The Tournament of Roses Parade will have a second religious entry on Jan. 1, 1991--the Seventh-day Adventist Church. The Lutheran Church-Missouri Synod’s laymen’s league has entered floats for many years, but this is the first time for the Adventists. Seen as a public relations device for national television exposure (however brief), the float will show “children of the world at play in a garden.”

DATES

The 42nd annual Ministers’ Convocation, to be held Monday and Tuesday at the School of Theology at Claremont, will be addressed by David Buttrick of Vanderbilt University Divinity School, Margaret R. Miles of Harvard Divinity School and M. Thomas Thangaraj at Emory University’s Candler School of Theology. Registration, costing $18 and open to all clergy, begins at 9 a.m. Monday at the seminary’s Mudd Auditorium. A clergy and lay workshop on local church revitalization--added to the program at popular request--will be held on the campus Wednesday and Thursday.

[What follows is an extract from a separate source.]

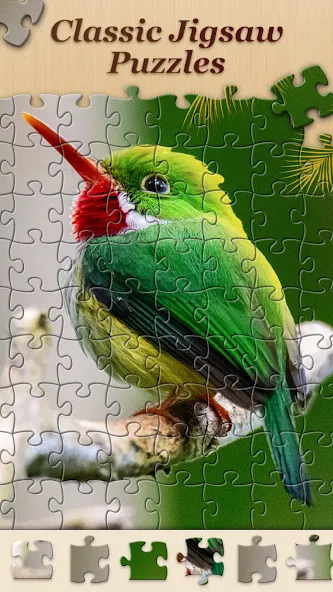 Jigsawscapes® - Jigsaw Puzzles (Джигсоускейпс)  [МОД Unlocked] Screenshot 2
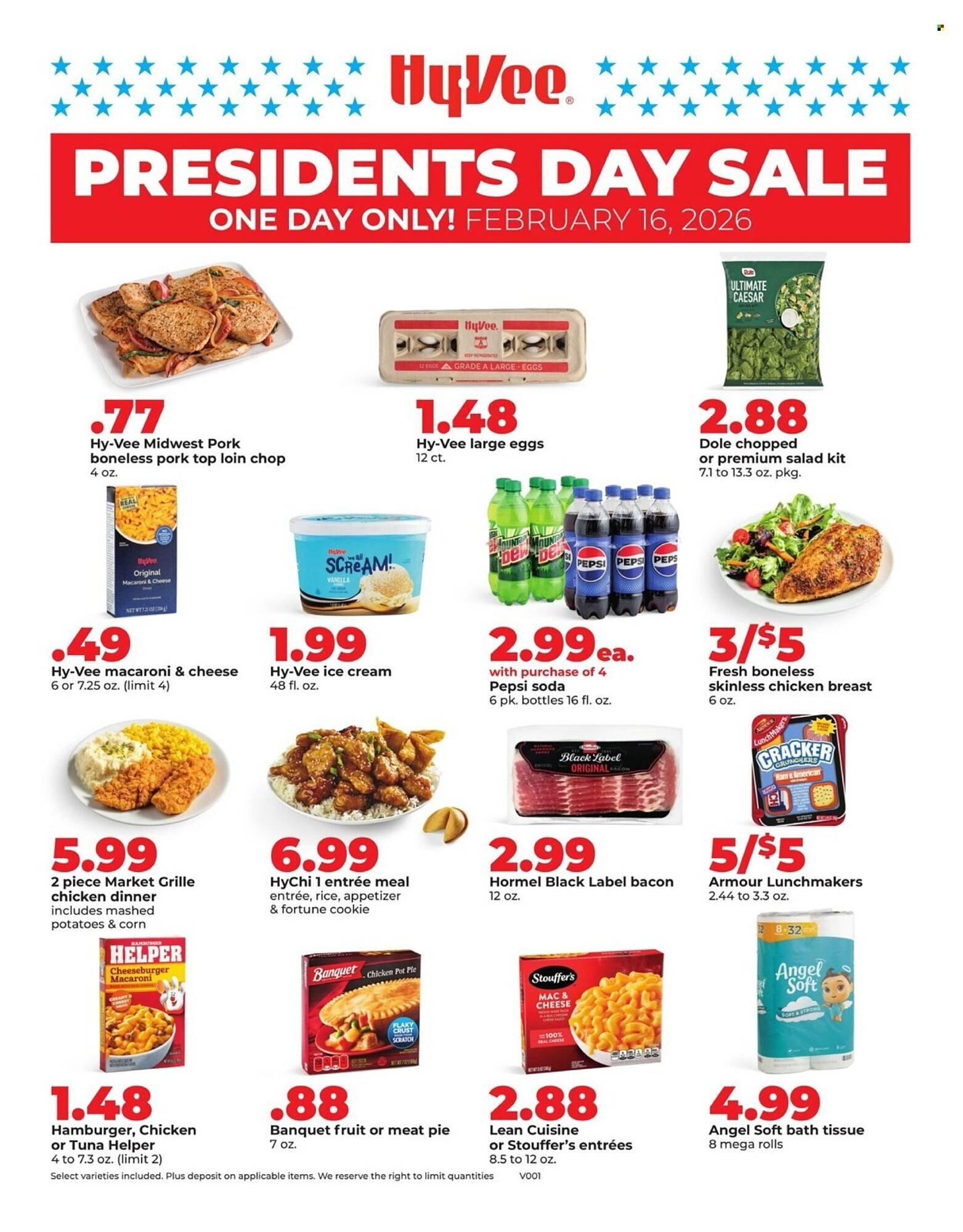 Hy-Vee weekly ad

Choirs from two “mega-churches” in Southern California will present Johannes Brahms’ “The Requiem” at 6 p.m. Sunday at one of the churches, the Lake Avenue Congregational Church in Pasadena. The Crystal Cathedral in Garden Grove will contribute to the 300-voice combined choir and Frederick Swann, who is organist for the Crystal Cathedral, will accompany the choir on the 125-rank organ at the Congregational Church. Both congregations rank among the top 25 best-attended Protestant churches in California.